Return nothing but the lines from the one with "I always get" through the one with "First, we demonstrate" in the data below, word for word and without pictures.

» **Input data**

━━━━━━━━━━

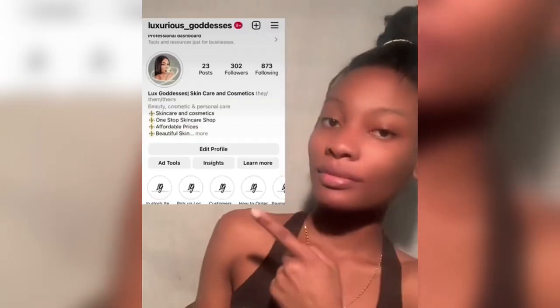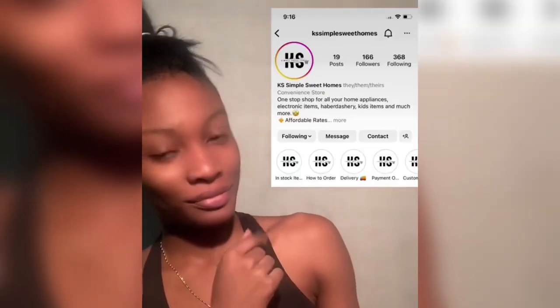Hello everyone! So today I'm going to share with you guys my daily skin routine. But firstly, let me put what's left of my hair in a bun so it doesn't get in the way of my tutorial. So that's us sorted. Today's video is sponsored by Love Serious Cortices along with KS Sybil Sweet Fumes. So let's get started.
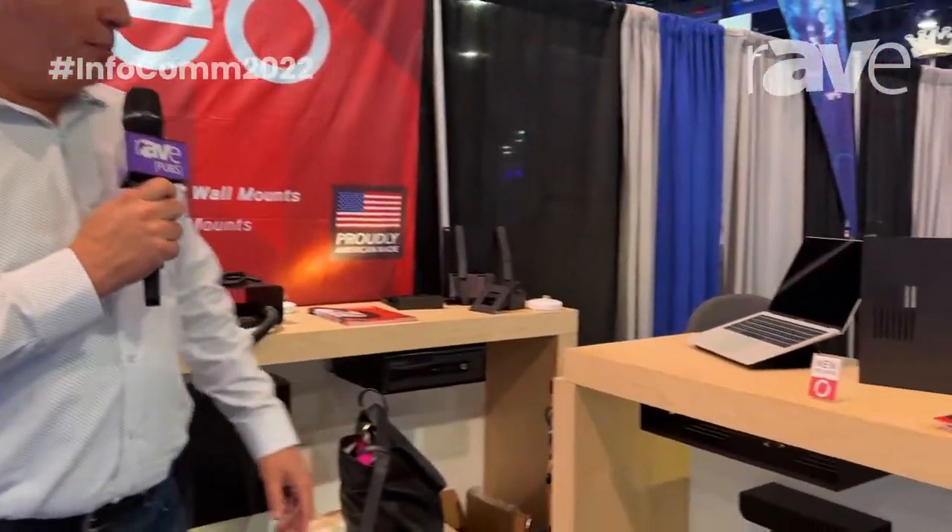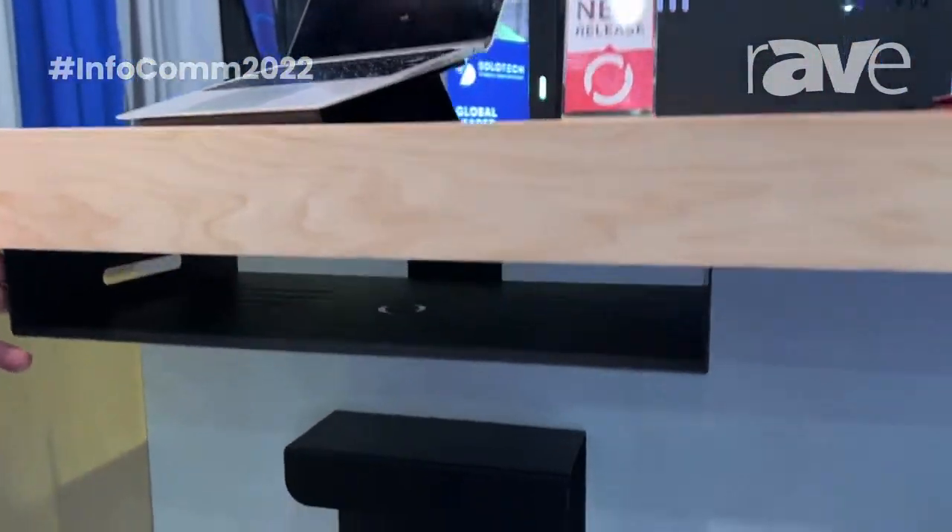Hi everybody, this is Scott with Oveo. We're here at Infocom and I'm going to take a moment here and show you a new product that we've just released. This is our laptop shelf — it's an under-desk mount for your laptop.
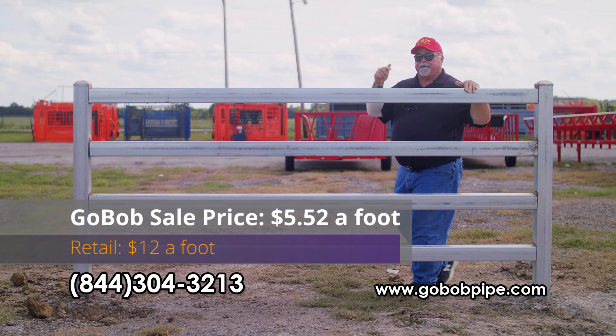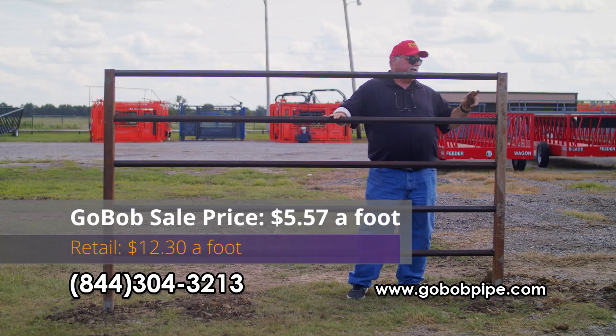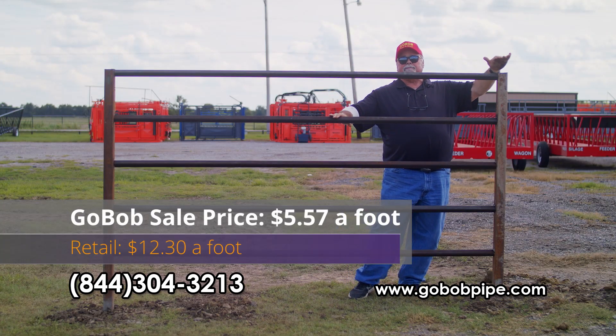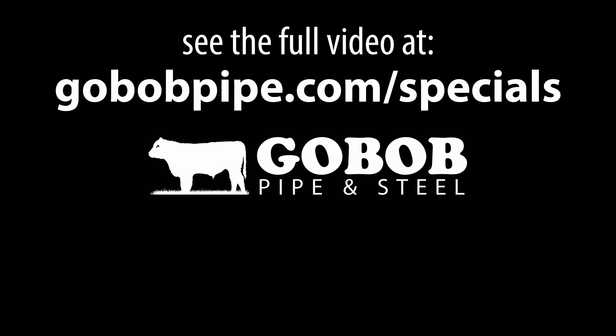Everything we're going to talk about has to do with livestock fencing, and our goal is to get you to think about what you're going to need, get it now, and save a lot of money. Give us a call and we'll help you figure out exactly what the whole thing's going to run you.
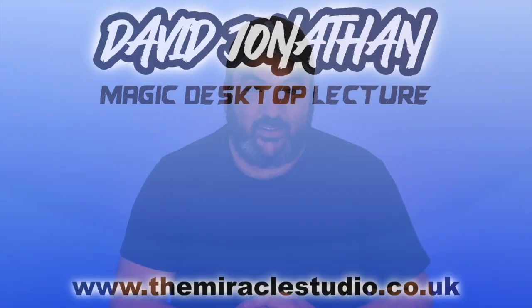I'm David Jonathan. I can't wait to see you there.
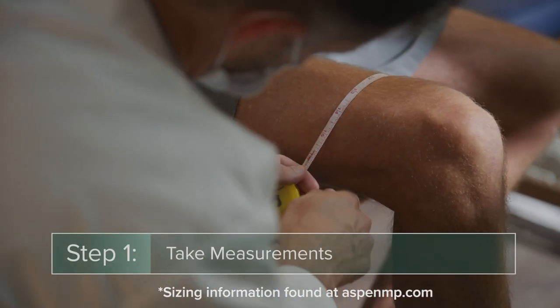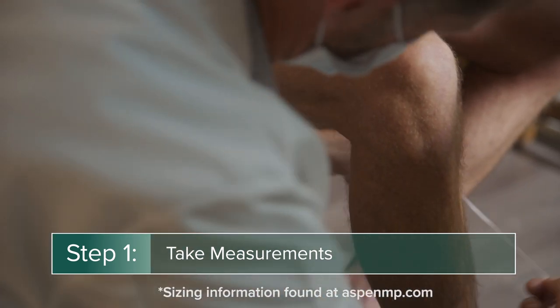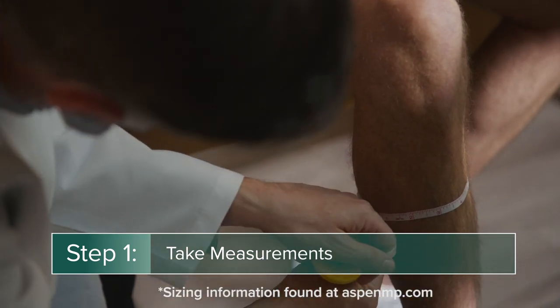A clinician will measure the patient's thigh and calf both six inches above and below the patella to determine the proper brace size.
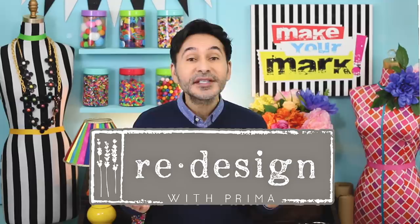Hey DIYers, I'm Mark and today on Make Your Mark we are making over a dresser that has been sitting on my patio for way too long. I picked it up at a thrift store for not very much money and said I will do something with this but I haven't yet. But the other week, Redesign with Prima sent me some of their clear align decor stamps and their decor ink pads.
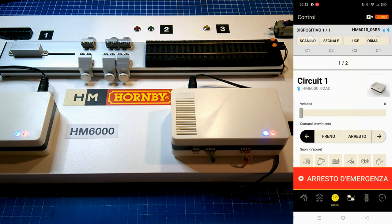On the bottom side of your screen, click Control. You will then notice some buttons on the top of your screen for HM6010, and the HM6000 will appear in the middle of the screen.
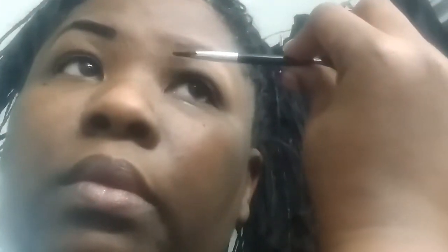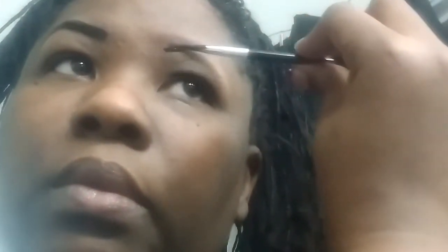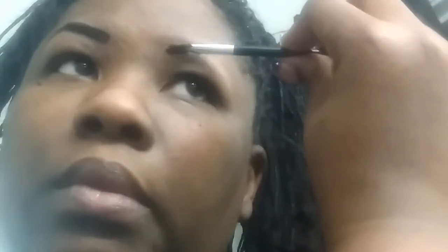I always get mad when I look at YouTube videos and they only do one side. That's fine for an eyeshadow look but it's horrible for something like this. We all know we always have one side of our face that we have a little bit of a problem with. Thank God this doesn't dry super fast.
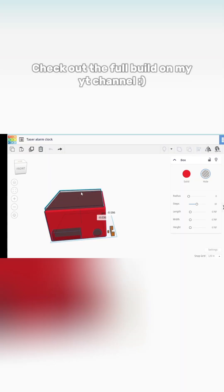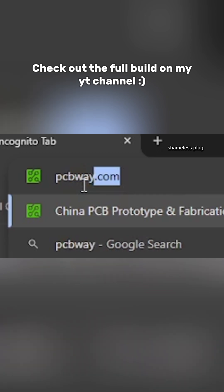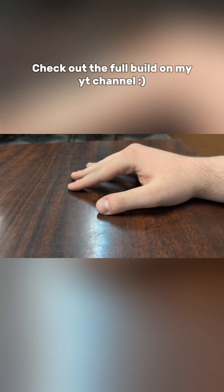The burn is definitely not going to win any awards, but it'll have to do. I headed over to PCBWay.com to upload the STL files. What's left to do is wait for them to arrive.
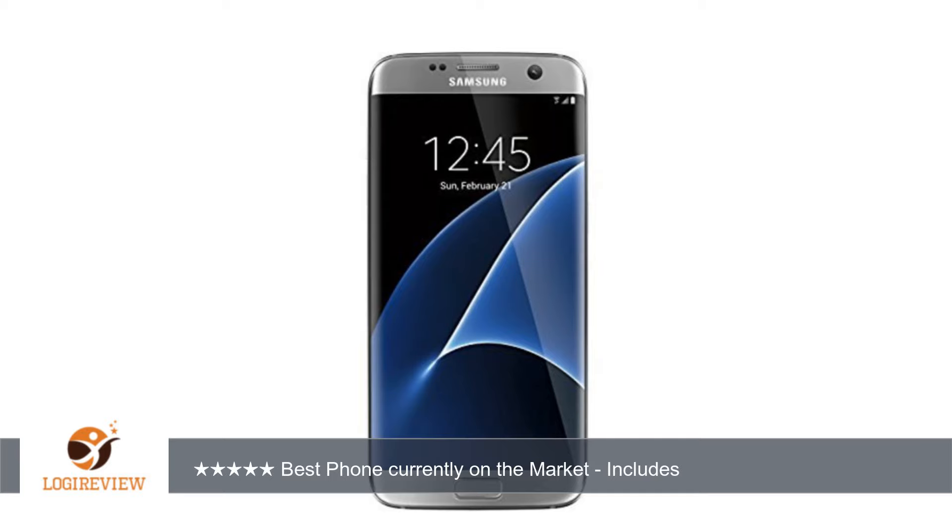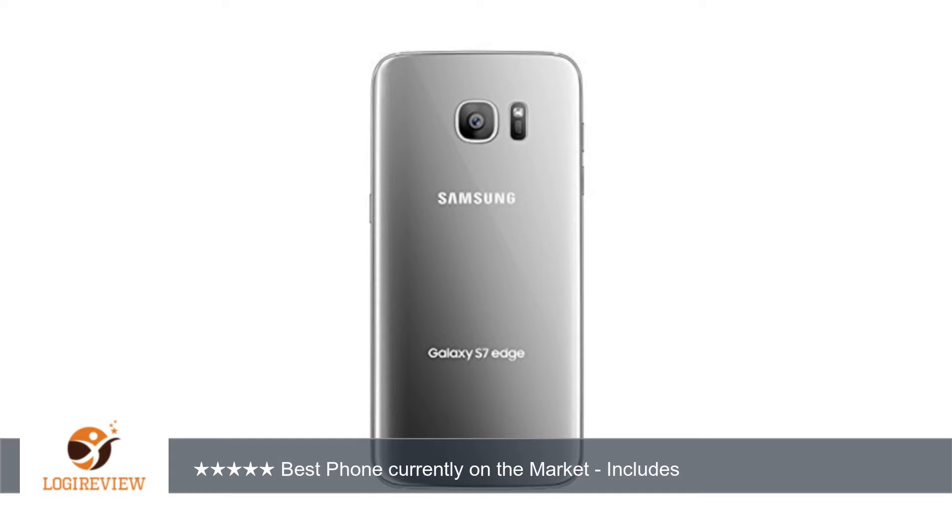A customer wrote: I received a fake phone. It doesn't even have a spot for the SIM card, neither does it charge or turn on. Some S7 details are literally drawn on the plastic. It's just a piece of plastic in the Galaxy S7 shape.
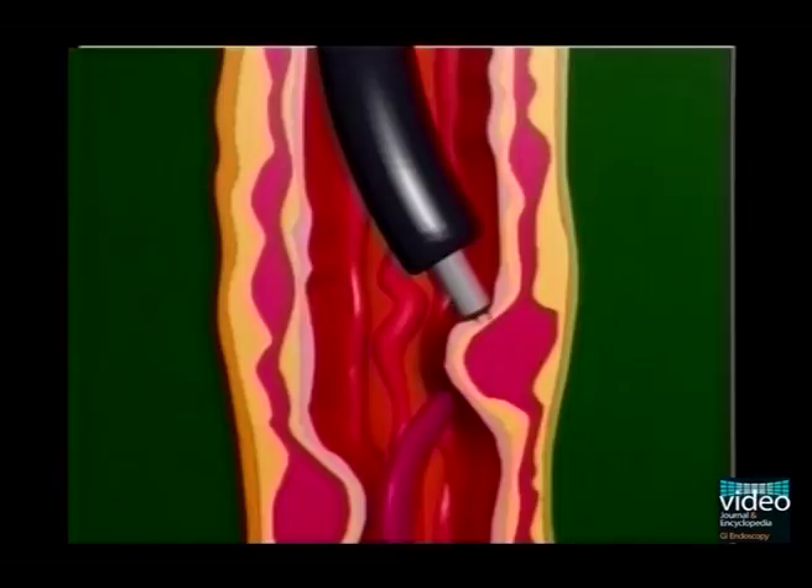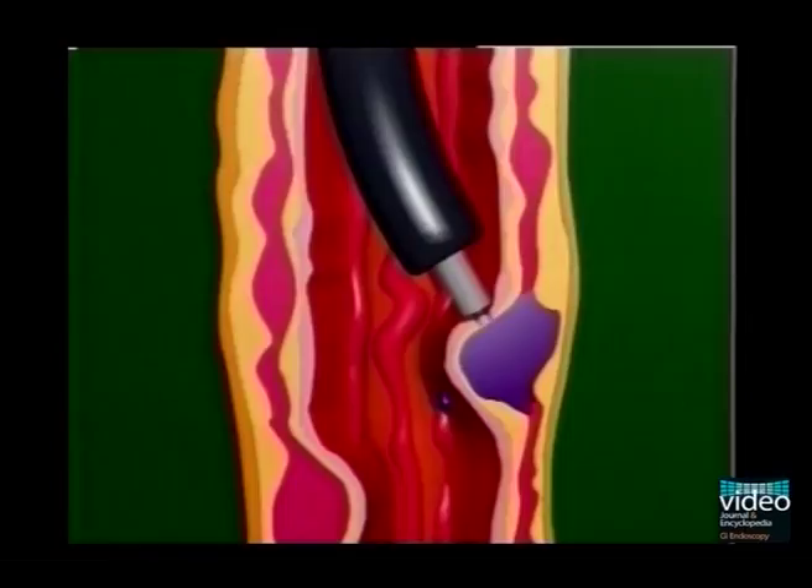First, we demonstrate the principle of N-butyl-2 cyanoacrylate injection. It is crucial to inject the glue mixture strictly intravariceally to obturate varices.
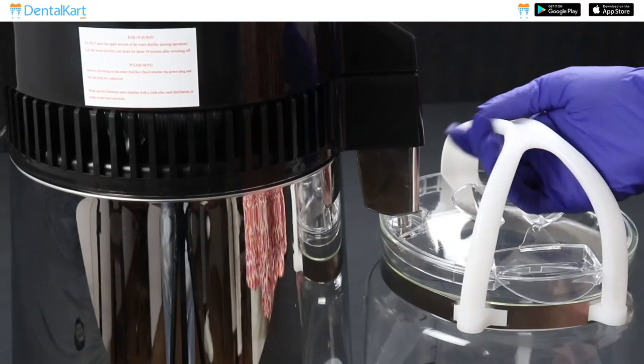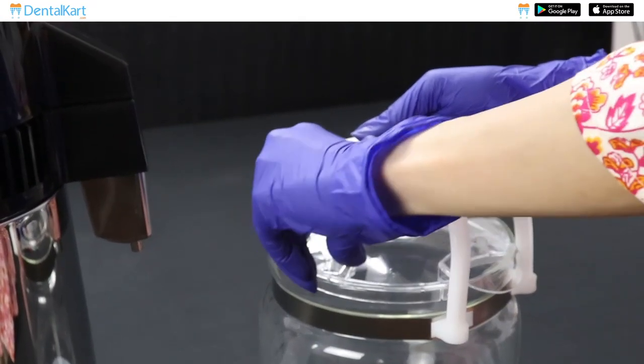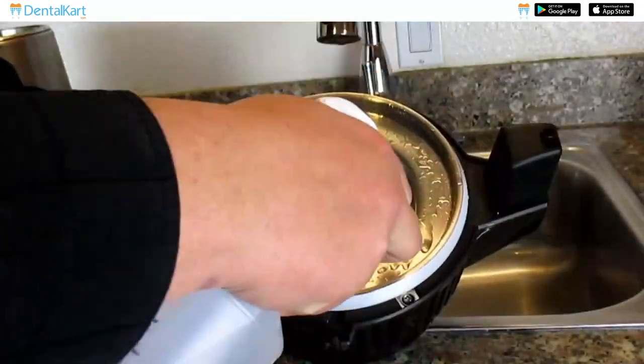Once the distillation process is complete, carefully remove the collection container and store the distilled water in clean covered containers. After use, clean and descale the distiller.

━━━━━━━━━━

» **Answer section**
I always get mad when I look at YouTube videos and they only do one side. That's fine for an eyeshadow look but it's horrible for something like this. We all know we always have one side of our face that we have a little bit of a problem with. Thank God this doesn't dry super fast.
The burn is definitely not going to win any awards, but it'll have to do. I headed over to PCBWay.com to upload the STL files. What's left to do is wait for them to arrive.
A customer wrote: I received a fake phone. It doesn't even have a spot for the SIM card, neither does it charge or turn on. Some S7 details are literally drawn on the plastic. It's just a piece of plastic in the Galaxy S7 shape.
First, we demonstrate the principle of N-butyl-2 cyanoacrylate injection. It is crucial to inject the glue mixture strictly intravariceally to obturate varices.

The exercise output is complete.